Turkish investors' decision temporarily prevented lira's total collapse

Turkish investors sold 6 billion dollars worth of gold and foreign currencies on March 22 while a massive exodus of foreign investment took place keeping the depreciation of the lira around 10 percent.

K. Murat Yıldız / Duvar English 

Following the unexpected midnight dismissal of Central Bank Governor Naci Ağbal by President Recep Tayyip Erdoğan, the Turkish lira depreciated over 10 percent against the dollar and the euro. The depreciation in Borsa Istanbul was 9 percent, the highest recorded drop since February 2020.

Turkey departed from its unorthodox monetary policies last November after the stepping down of the much-criticized Treasury and Finance Minister Berat Albayrak, who is also Erdoğan's son-in-law, the appointment of Lütfi Elvan, and the arrival of a new raft of market-friendly monetary policy makers, including Ağbal.

Early market reactions

After his appointment, Ağbal hiked the interest rates from 10.25 percent to 19 percent in 4.5 months, a change which was welcomed by markets and most experts.

Late on March 21, with the opening of Asian markets, the dollar lira exchange rate hit 8.50, the euro 10.08, and plunged 17.5 percent.
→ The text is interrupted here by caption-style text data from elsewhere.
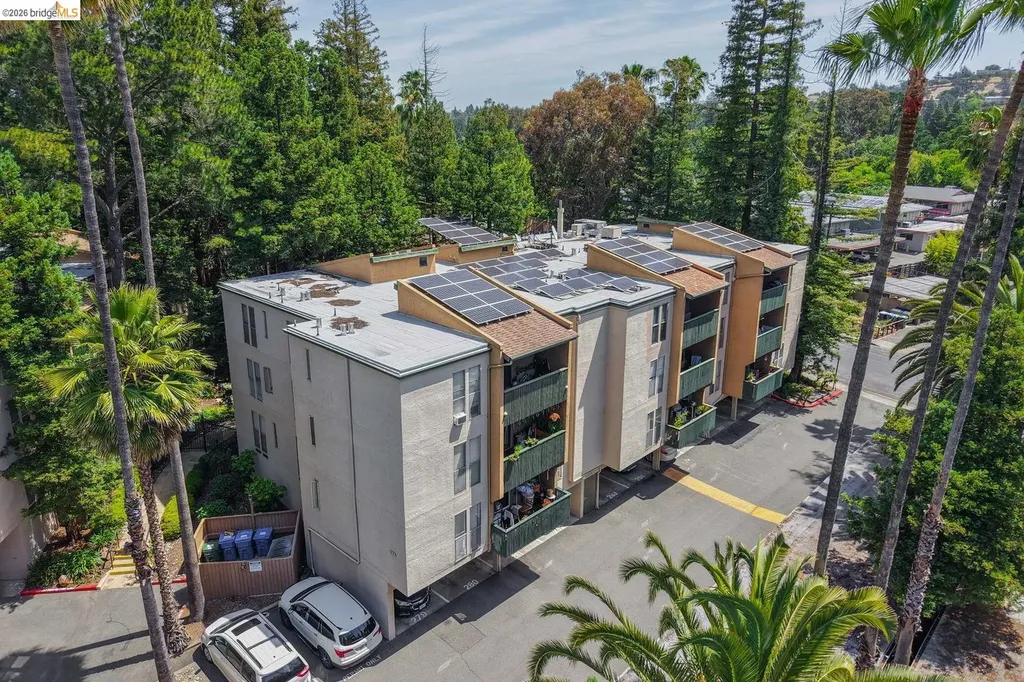 175 Sierra Drive Walnut Creek CA 94596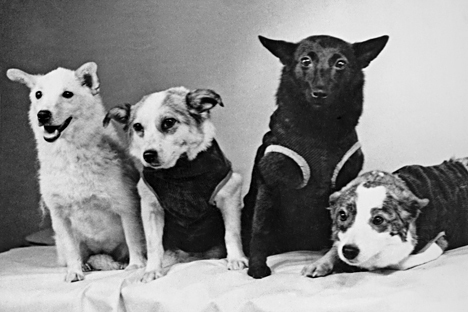 Dogs-cosmonauts, L-R: Strelka, Chernushka, Zvyozdochka and Belka, 1961. Photo TASS / V. Zhikharenko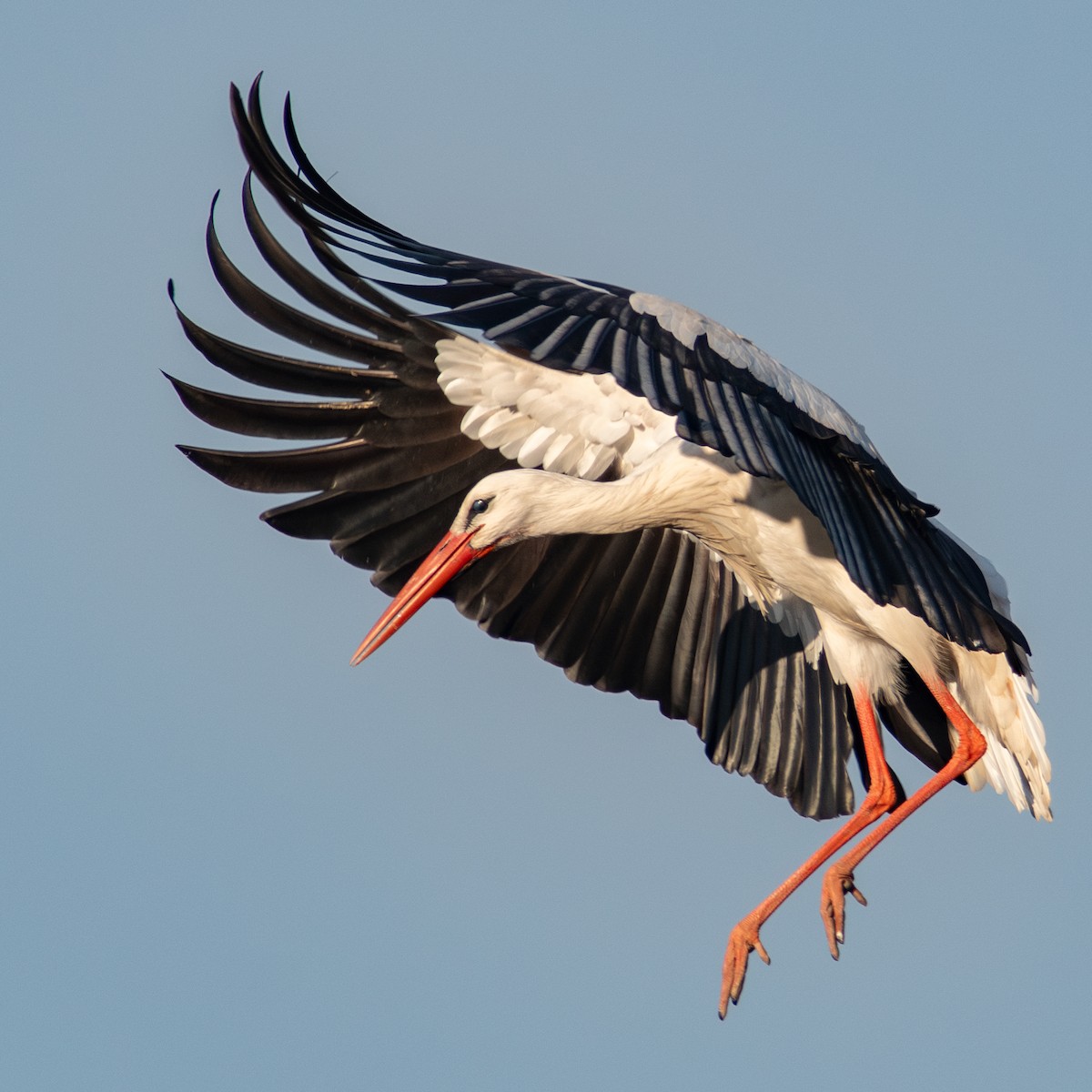 White Stork - Daniel Field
With the opening of European and Turkish markets, the USD/TL exchange rate anchored at around 8 liras per dollar and was trading at 7.75 as of March 23 while the EURO/TL exchange rate is around 9.3. Fluctuations in the exchange rate continue as rating agencies point out the risks and vulnerability of the lira.

Government bonds and stock market also affected 

The Central Bank decision also affected government bonds and the stock market negatively. Foreign investment outflows increased. Borsa Istanbul opened with a 6.65 percent fall and trading was stopped for half an hour after triggering a circuit breaker. After the reopening of the market, the downward trend continued reaching 7 percent and trading was halted once again. The stock market closed the day with a 9.79 percent drop with bank shares leading the sell-off, the highest since 2013.

Central Bank surveys

In the forecast survey conducted by the Central Bank, the year-end exchange rate expectation for USD/TL which was 7.79 TL in the previous survey period, increased to 7.95 TL in the most recent period. Similarly, the 12-month expectation rate for USD/TL rose from 7.94 to 8.20 TL. Additionally, the annual consumer inflation forecast rose from 11.23 percent to 11.54 percent.

Rumors in Ankara

Meanwhile, former Erdoğan-ally Ali Babacan, who was the deputy prime minister and is currently the leader of the Democracy and Progress Party (DEVA), recently claimed that Ağbal might have been dismissed by Erdoğan for trying to find out what happened to 128 billion liras from the treasury during Albayrak’s tenure.

“The information provided to us shows that local investors sold 6 billion dollars worth of gold and foreign currencies yesterday while a massive exodus of foreign investment took place. Despite this, the TL lost around 10 percent of its value,” former treasury official and banker Kerim Rota told Duvar English.

Regarding whether the trend would continue, Rota doesn't think so. "It was a quick reaction. We shouldn’t be optimistic that this will be the case in the coming days. Foreign investment will continue to exit Turkey. The stock exchange and SWAP interest rates point in that direction,”

“If this trend of Turkish investors does not continue, the lira will continue to lose value,” Rota added.

The Central Bank governor has no weapons

There has also been discussion about the tools the Central Bank governor has at its disposal. “The newly appointed Central Bank governor has no weapons in his hand to carry during a fight. He doesn’t have the interest rate weapon, he doesn’t have the foreign exchange weapon, and he doesn’t have the communication weapon. These are vital for a governor.”

Rota concluded stating that, “The Central Bank already had problems of communication. Ağbal was good at that and we saw what happened to him.”